-- TO DO --
What lines below contain the word "background"? Please pull each one out.

== SOURCE MATERIAL ==

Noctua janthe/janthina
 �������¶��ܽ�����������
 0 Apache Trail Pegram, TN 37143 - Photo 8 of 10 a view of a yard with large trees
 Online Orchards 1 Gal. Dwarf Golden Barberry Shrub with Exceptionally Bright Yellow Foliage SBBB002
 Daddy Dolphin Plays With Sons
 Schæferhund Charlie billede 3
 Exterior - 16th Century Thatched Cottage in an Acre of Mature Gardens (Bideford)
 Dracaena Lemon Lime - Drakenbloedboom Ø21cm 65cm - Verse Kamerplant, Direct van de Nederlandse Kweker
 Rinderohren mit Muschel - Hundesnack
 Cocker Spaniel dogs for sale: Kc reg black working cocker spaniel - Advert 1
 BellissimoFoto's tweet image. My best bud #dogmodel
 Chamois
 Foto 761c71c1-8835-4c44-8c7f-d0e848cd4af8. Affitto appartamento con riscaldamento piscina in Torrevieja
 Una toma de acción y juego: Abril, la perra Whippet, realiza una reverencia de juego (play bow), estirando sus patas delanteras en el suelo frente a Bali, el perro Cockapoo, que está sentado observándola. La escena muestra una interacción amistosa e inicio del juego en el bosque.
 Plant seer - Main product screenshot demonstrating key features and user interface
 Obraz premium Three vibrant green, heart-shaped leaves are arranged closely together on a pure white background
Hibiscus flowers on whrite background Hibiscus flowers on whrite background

===

-- TASK ANSWER --
 Obraz premium Three vibrant green, heart-shaped leaves are arranged closely together on a pure white background
Hibiscus flowers on whrite background Hibiscus flowers on whrite background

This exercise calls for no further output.